Parecía como si hubiera estallado una bombona de butano o algo así, ya que
descarté, por ilógico, un atentado con bombas en un barrio de trabajadores.
¿Quién podía querer hacer daño a gente que se estaba preparando para ir a
trabajar?
Puse
la radio -la SER- y de modo disperso, con interrupciones, conexiones, palabras
de aquí y de allá, noticias de un sitio y otro se fue recomponiendo el
rompecabezas y aclarando el itinerario diseñado por los matarifes -Santa Eugenia, El Pozo, Atocha- en su camino
hacia la apoteosis final en el nudo de comunicaciones que es Atocha, que por fortuna falló en algunos aspectos,
con el correspondiente ahorro de víctimas.
Cuando
se hubieron marchado mi mujer y mi hija, bajé a la calle y me encaminé a la
estación, donde un poco antes de las 8 de la mañana solía tomar el tren de
cercanías para ir a la facultad, pero ese día había huelga, aún así pensaba
acudir a una concentración de profesores, pero los atentados cambiaron los
planes de todo el mundo.
Antes de llegar, me encontré con un espectáculo dantesco, la calle estaba llena de restos de metal, de plástico, ladrillos, escombros, trozos de cable. El cuerpo de un hombre yacía tirado junto a la acera, había salido despedido de la estación, que había perdido parte del techo y algunas paredes. La tremenda detonación había ocurrido con el tren parado, uno de los vagones estaba destrozado, abierto por el techo y partido brutalmente por la mitad… Y recuerdo de modo confuso, el ruido de las sirenas, luces azules y rojas, coches de la policía, bomberos, sanitarios, ambulancias, camillas, ruido, agitación y socorros improvisados…y las ganas de vomitar. Y eso que había pasado mucho rato desde que sonó la explosión. Al pronto, el desastre me recordó fotografías de Beirut en sus peores momentos.

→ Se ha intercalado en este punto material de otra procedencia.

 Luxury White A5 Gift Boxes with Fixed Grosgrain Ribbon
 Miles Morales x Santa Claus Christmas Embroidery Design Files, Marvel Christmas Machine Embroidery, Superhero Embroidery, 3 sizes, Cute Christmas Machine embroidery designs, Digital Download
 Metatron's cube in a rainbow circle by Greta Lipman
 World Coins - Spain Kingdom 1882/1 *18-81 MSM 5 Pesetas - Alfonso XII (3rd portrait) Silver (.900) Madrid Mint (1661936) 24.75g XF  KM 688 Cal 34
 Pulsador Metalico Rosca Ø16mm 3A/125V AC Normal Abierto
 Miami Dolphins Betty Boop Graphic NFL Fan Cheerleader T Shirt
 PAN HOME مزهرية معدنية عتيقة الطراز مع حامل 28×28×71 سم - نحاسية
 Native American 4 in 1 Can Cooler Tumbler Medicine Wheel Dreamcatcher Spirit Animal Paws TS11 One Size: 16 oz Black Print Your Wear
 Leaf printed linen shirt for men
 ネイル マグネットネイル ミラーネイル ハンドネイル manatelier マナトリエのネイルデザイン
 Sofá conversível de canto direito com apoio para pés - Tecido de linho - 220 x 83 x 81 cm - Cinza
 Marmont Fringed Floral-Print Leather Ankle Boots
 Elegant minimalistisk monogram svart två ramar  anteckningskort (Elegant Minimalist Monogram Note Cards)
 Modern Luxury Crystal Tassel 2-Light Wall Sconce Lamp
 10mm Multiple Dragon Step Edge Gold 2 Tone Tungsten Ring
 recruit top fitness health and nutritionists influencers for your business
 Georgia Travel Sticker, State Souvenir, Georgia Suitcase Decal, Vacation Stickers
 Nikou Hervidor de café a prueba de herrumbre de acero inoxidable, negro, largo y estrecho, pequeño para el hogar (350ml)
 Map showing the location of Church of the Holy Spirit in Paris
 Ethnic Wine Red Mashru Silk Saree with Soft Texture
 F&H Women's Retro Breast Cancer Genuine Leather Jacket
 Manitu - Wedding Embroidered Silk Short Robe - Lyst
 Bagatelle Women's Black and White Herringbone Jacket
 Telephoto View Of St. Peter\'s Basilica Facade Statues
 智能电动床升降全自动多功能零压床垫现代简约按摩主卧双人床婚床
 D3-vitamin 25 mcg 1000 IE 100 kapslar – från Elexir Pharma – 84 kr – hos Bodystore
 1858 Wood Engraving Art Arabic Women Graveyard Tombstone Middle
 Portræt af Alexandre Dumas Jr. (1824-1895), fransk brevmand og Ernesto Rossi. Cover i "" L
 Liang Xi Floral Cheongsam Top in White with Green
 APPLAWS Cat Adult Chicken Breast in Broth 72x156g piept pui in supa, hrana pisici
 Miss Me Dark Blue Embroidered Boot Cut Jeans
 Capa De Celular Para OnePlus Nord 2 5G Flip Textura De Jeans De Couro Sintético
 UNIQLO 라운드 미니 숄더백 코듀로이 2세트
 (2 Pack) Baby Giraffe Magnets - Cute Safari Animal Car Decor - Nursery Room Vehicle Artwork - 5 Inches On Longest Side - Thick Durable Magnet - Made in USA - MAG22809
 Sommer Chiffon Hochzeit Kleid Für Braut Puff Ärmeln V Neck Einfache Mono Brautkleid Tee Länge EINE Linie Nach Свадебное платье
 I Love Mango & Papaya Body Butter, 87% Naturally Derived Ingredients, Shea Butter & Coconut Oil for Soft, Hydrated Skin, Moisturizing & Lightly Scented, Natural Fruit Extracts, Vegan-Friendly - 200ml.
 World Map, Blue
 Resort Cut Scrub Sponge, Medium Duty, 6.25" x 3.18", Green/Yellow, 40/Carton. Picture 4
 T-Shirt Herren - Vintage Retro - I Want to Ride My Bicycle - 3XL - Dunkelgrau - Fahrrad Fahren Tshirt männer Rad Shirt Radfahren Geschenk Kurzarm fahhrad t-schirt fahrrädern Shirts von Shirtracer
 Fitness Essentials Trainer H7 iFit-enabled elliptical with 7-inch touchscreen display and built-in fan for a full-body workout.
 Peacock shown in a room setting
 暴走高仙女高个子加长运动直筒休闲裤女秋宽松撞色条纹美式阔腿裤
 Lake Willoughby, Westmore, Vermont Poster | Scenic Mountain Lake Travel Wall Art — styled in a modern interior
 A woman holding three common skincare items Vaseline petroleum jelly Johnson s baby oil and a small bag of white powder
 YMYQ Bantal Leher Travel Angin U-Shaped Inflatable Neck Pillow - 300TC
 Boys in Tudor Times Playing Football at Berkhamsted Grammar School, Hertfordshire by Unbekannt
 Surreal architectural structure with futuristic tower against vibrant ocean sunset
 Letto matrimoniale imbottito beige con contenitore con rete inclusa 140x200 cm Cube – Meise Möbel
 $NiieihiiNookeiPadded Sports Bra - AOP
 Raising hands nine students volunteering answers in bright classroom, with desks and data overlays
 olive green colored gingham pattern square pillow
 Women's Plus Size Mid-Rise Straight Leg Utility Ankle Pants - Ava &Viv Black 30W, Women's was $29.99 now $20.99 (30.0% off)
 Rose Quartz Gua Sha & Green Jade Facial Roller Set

Ante aquello me sentí impotente y para evitar
ser un estorbo me volví a casa, impaciente a ver si había noticias de mi hija,
que todos los días a esa hora hacia un transbordo en la estación de Atocha. En
cuanto llamó por teléfono y me dijo que estaba bien, bajé a la calle.
El
barrio estaba conmocionado, la gente iba y venía, preguntaba por sus
familiares y por sus vecinos. Niños y jóvenes andaban por la calle, pues el
colegio y el instituto, situados frente a la estación, habían sido
desalojados para destinar las instalaciones a lo que hiciera falta y porque
hasta el colegio habían llegado restos humanos. Algunos de esos niños no sabían
que a esa hora eran huérfanos. Sus padres, como en un rutinario día cualquiera
se habían dirigido a la estación a tomar un tren donde les esperaba la muerte.
Supimos
que había vecinos heridos, uno de ellos, Emiliano con mal pronóstico. Estuvo
ingresado bastante tiempo y falleció al cabo de un año a consecuencia del daño
recibido; siempre lo añado a la cifra de víctimas de aquella salvajada.
El
día fue tremendo, incapaz de centrar la atención en otra cosa fui de la radio a
la televisión y de esta al teléfono, que no dejó de sonar en todo el día, con
llamadas de familiares y amigos que saben que vivimos cerca de la estación de
El Pozo y que tomo el tren por la mañana casi a diario.
Por
la tarde, la asociación de vecinos convocó una concentración ante el edificio
de la Asamblea de Madrid. No fue un acto oficial, ni hubo representantes
políticos, sino una reunión espontánea de gente con caras largas buscando el
contacto humano y dando y solicitando información. Allí, entre lo que contaban unos
y otros, con noticias procedentes de fuentes, sobre todo, extranjeras, empezó a
parecer verosímil que los autores de los atentados fueran terroristas
islamistas e inmediatamente se relacionó con la invasión de Iraq el año 2003.
El día
había sido atroz, esa noche mi mujer y yo estuvimos viendo las noticias hasta
muy tarde y apenas pudimos descansar. No olvidaré aquel día once de marzo.